● TASK BRIEF
Transcribe every entry word for word. Skip the pictures.

___

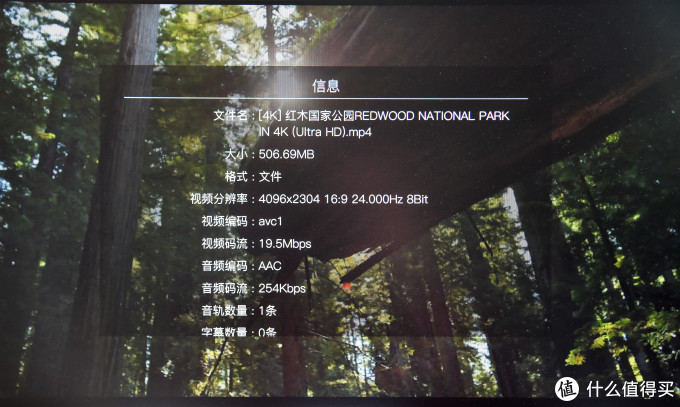 亿格瑞 王者归来之 发烧级4K蓝光导航播放器 A10 开箱+使用评测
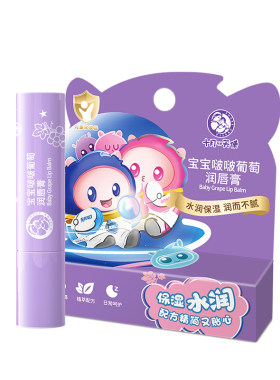 儿童滋养润唇膏十月天使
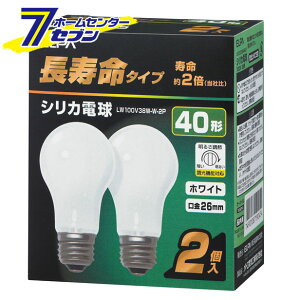 �������V���J2P LW100V38W-W-2P ELPA [���M�� �d��]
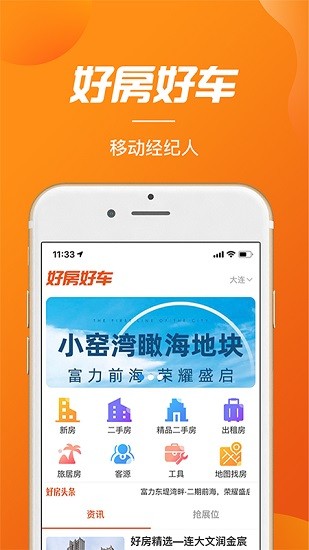 好房好车经纪人软件 v3.1.1 安卓版3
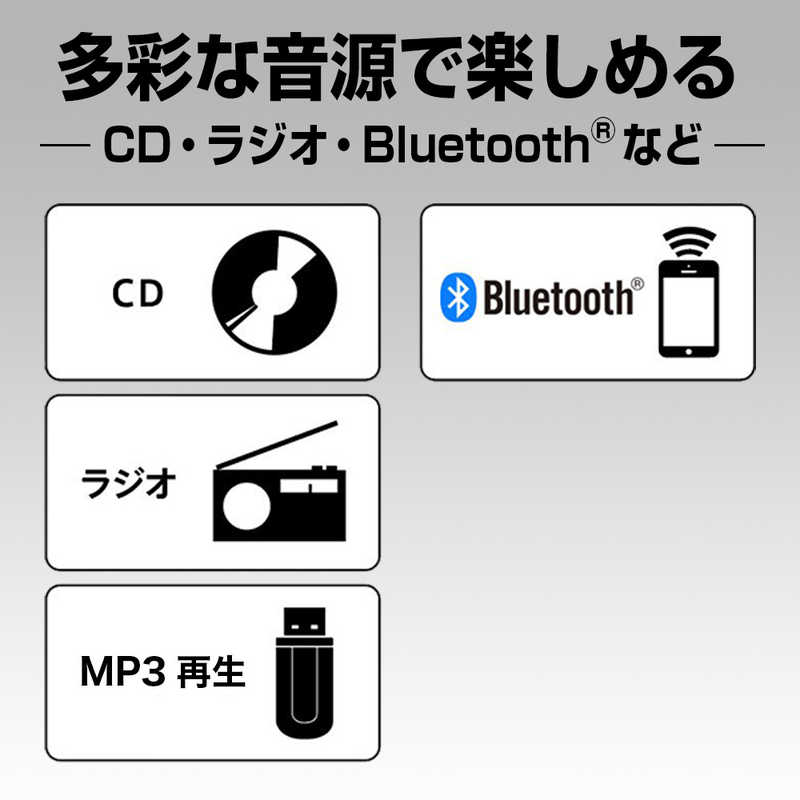 パナソニック　Panasonic パナソニック　Panasonic ミニコンポ［Bluetooth対応 /ワイドFM対応］ シルバー SC-PM270-S SC-PM270-S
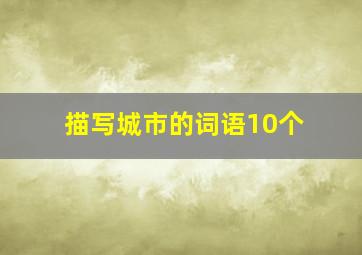 描写城市的词语10个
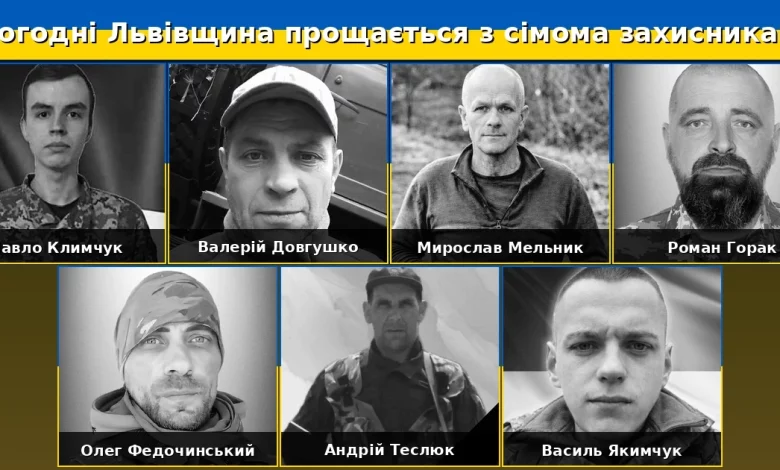 Сьогодні Львівщина прощається з сімома захисниками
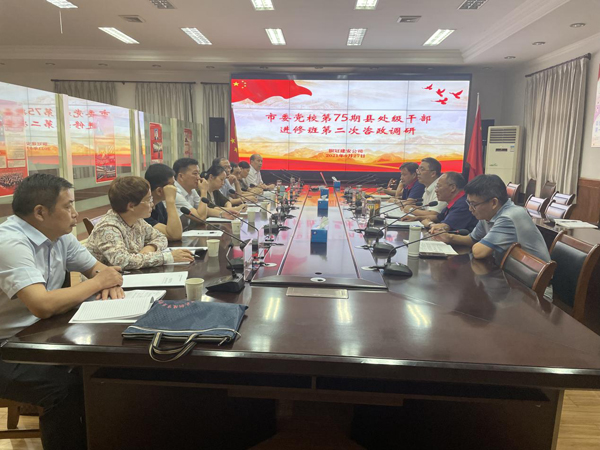 市委党校到公司开展调研运动 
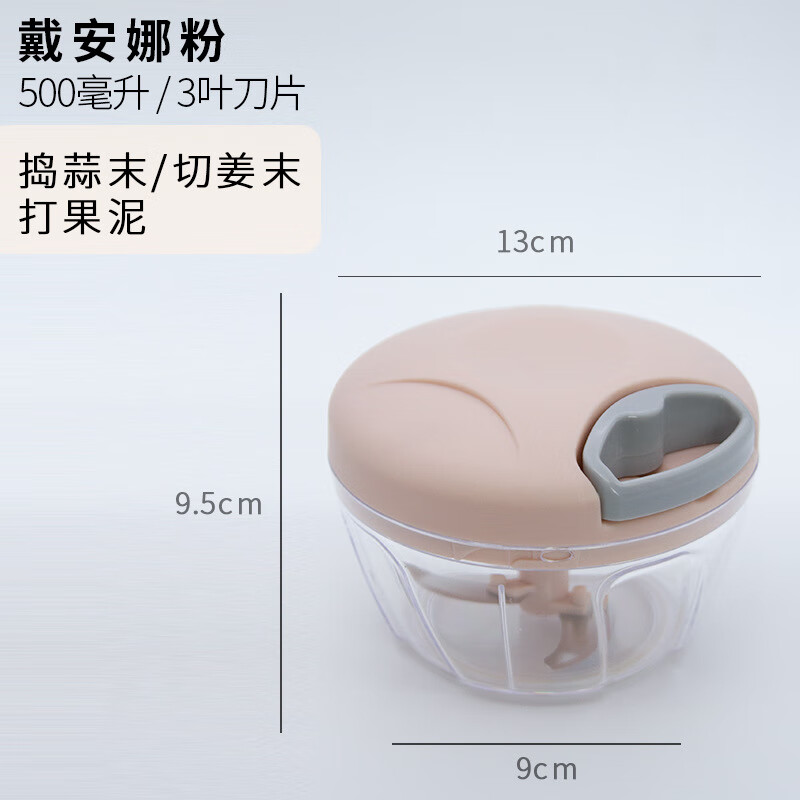 NIUBAI drawstring vegetable cutter, garlic mince, small garlic mince, pepper mince, fruit puree, baby food supplement cooking machine, haze blue 500ML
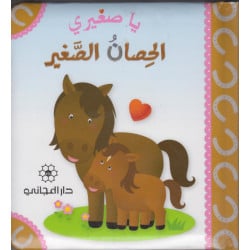 كتاب يا صغيري الحصان الصغير من دار المجاني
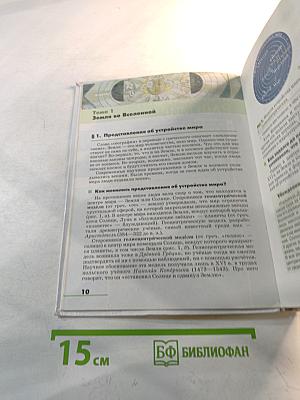 География. Землеведение. Учебник для 5-6 классов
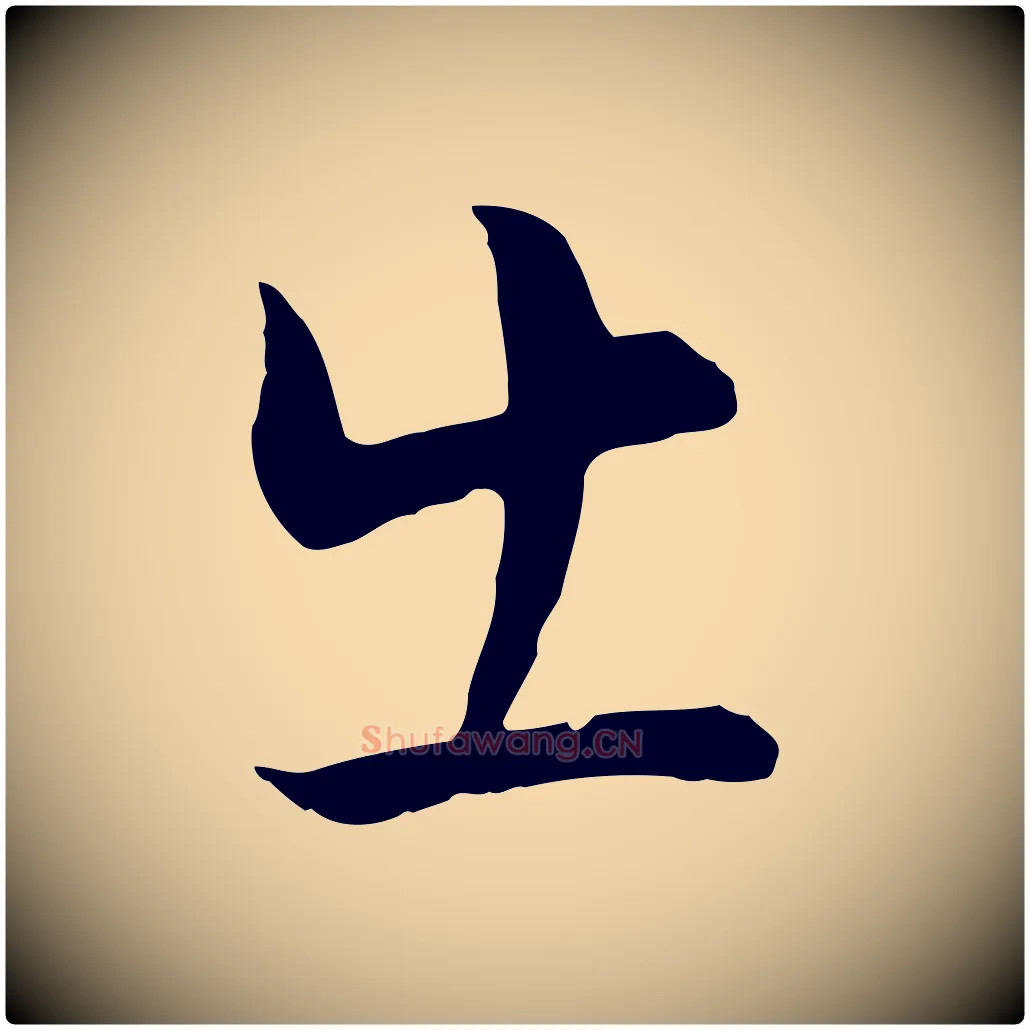 出毛笔行书写法,摘自明代董其昌邵康节先生自着无名公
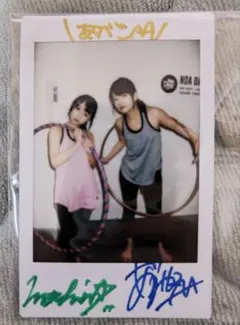 JIM様 リクエスト 7点 まとめ商品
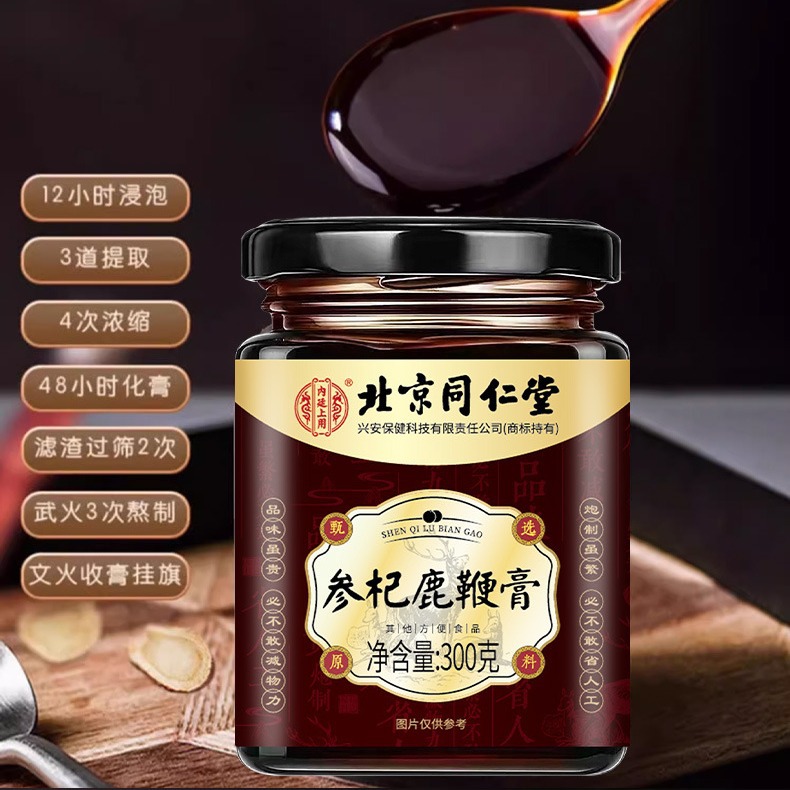 北京同仁堂内廷上用参杞鹿鞭膏300g-阿里巴巴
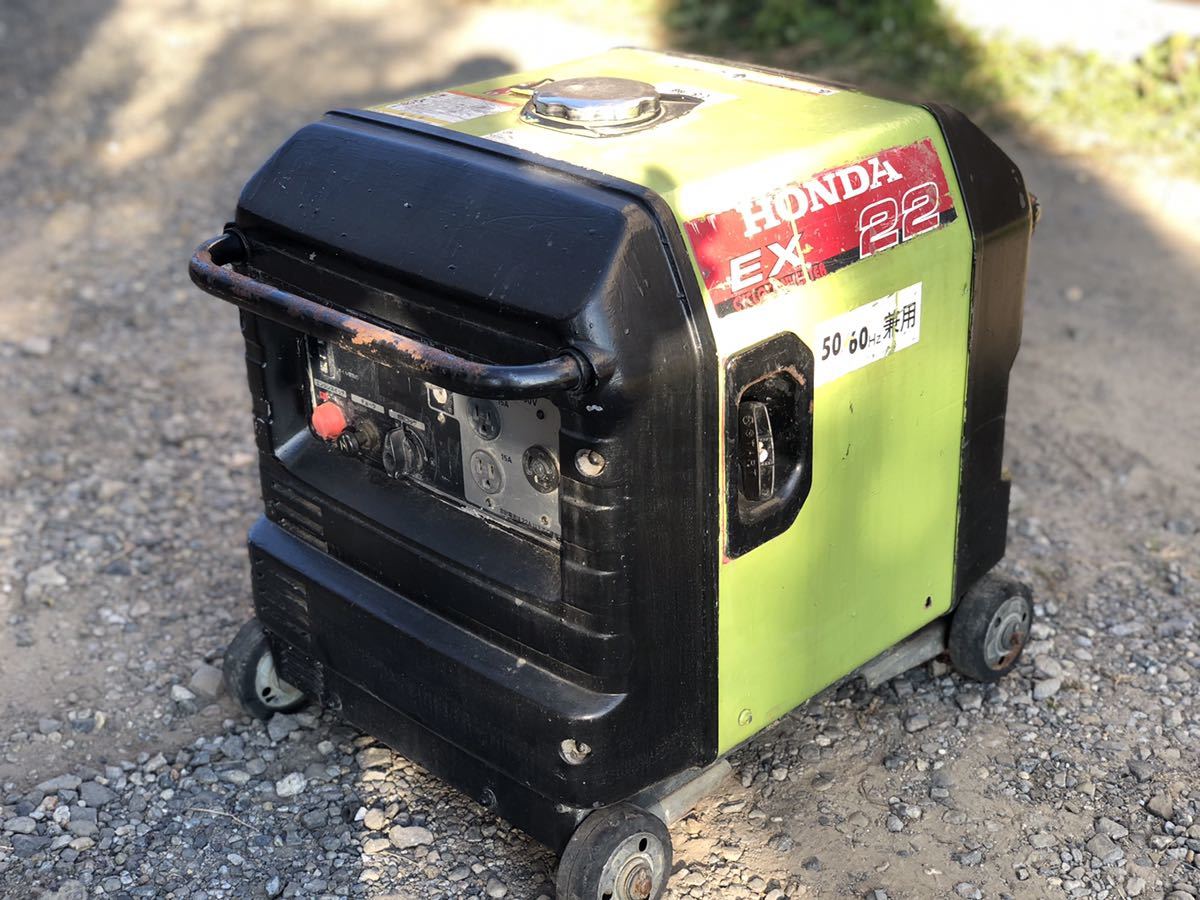 HONDA 2.2Kw 防音型 サイクロンコンバーターエンジン発電機 引き取り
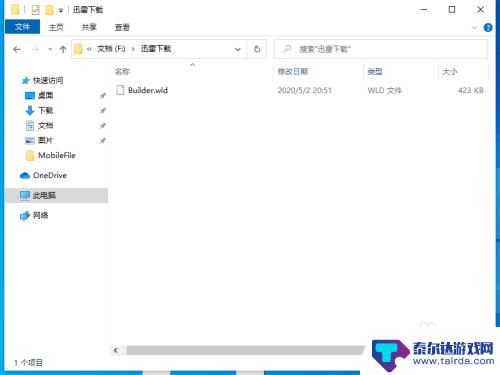 泰拉瑞亚加入存档 泰拉瑞亚存档添加方法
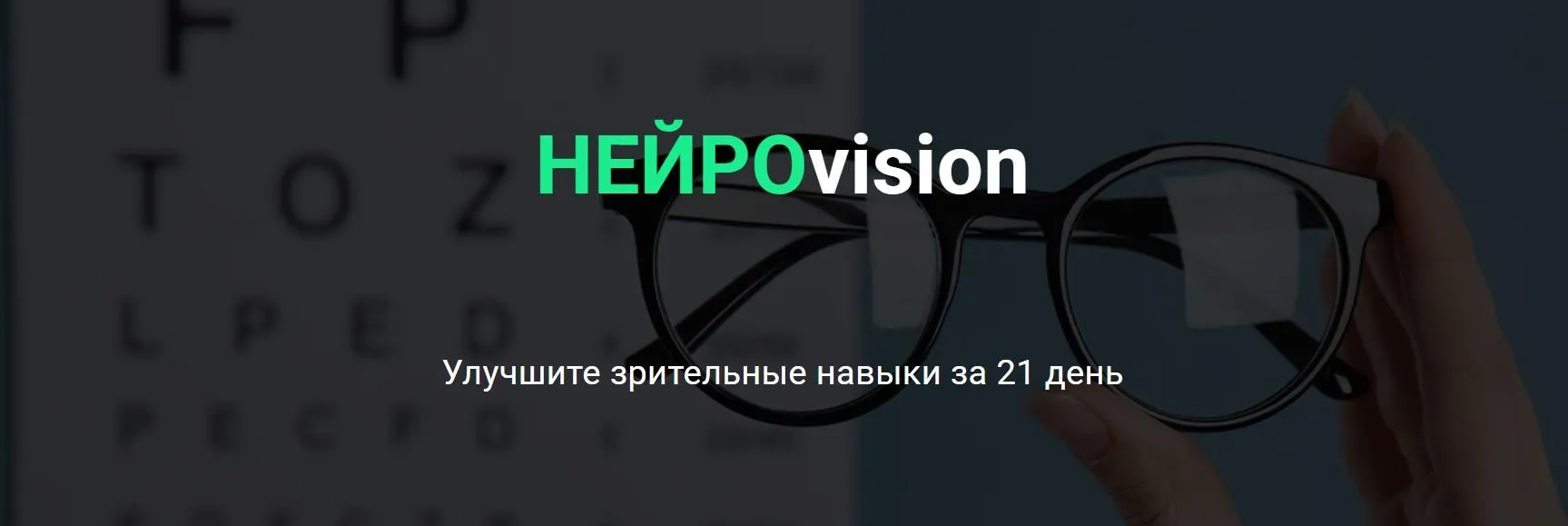 НейроVision. Улучшите зрительные навыки за 21 день (Ольга Бульбенова)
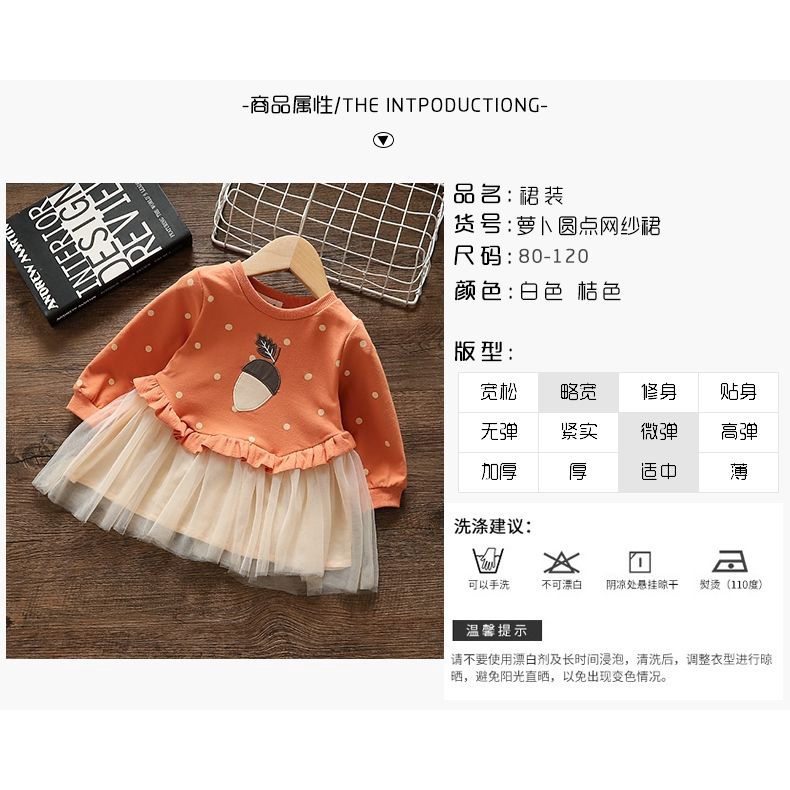 Đầm Công Chúa Tay Dài Phối Lưới Phong Cách Hàn Quốc Mới Cho Bé Gái Sơ Sinh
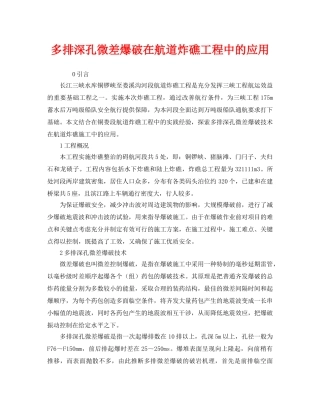 《安全管理》之多排深孔微差爆破在航道炸礁工程中的应用 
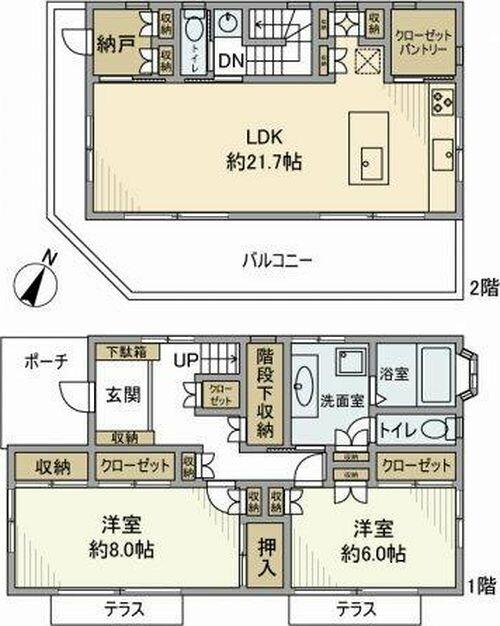 ご家族様向けです！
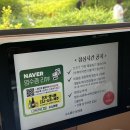 [문정역 맛집] 야장 감성과 프라이빗함을 잡은 가성비 고깃집, '소소화로' 후기 (삼겹살 & 앞다리살)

___

● RESULT OF THE EXERCISE
 亿格瑞 王者归来之 发烧级4K蓝光导航播放器 A10 开箱+使用评测
 儿童滋养润唇膏十月天使
 �������V���J2P LW100V38W-W-2P ELPA [���M�� �d��]
 好房好车经纪人软件 v3.1.1 安卓版3
 パナソニック　Panasonic パナソニック　Panasonic ミニコンポ［Bluetooth対応 /ワイドFM対応］ シルバー SC-PM270-S SC-PM270-S
 描写城市的词语10个
 Сьогодні Львівщина прощається з сімома захисниками
 市委党校到公司开展调研运动 
 NIUBAI drawstring vegetable cutter, garlic mince, small garlic mince, pepper mince, fruit puree, baby food supplement cooking machine, haze blue 500ML
 كتاب يا صغيري الحصان الصغير من دار المجاني
 География. Землеведение. Учебник для 5-6 классов
 出毛笔行书写法,摘自明代董其昌邵康节先生自着无名公
 JIM様 リクエスト 7点 まとめ商品
 北京同仁堂内廷上用参杞鹿鞭膏300g-阿里巴巴
 HONDA 2.2Kw 防音型 サイクロンコンバーターエンジン発電機 引き取り
 泰拉瑞亚加入存档 泰拉瑞亚存档添加方法
 НейроVision. Улучшите зрительные навыки за 21 день (Ольга Бульбенова)
 Đầm Công Chúa Tay Dài Phối Lưới Phong Cách Hàn Quốc Mới Cho Bé Gái Sơ Sinh
 《安全管理》之多排深孔微差爆破在航道炸礁工程中的应用 
 ご家族様向けです！
 [문정역 맛집] 야장 감성과 프라이빗함을 잡은 가성비 고깃집, '소소화로' 후기 (삼겹살 & 앞다리살)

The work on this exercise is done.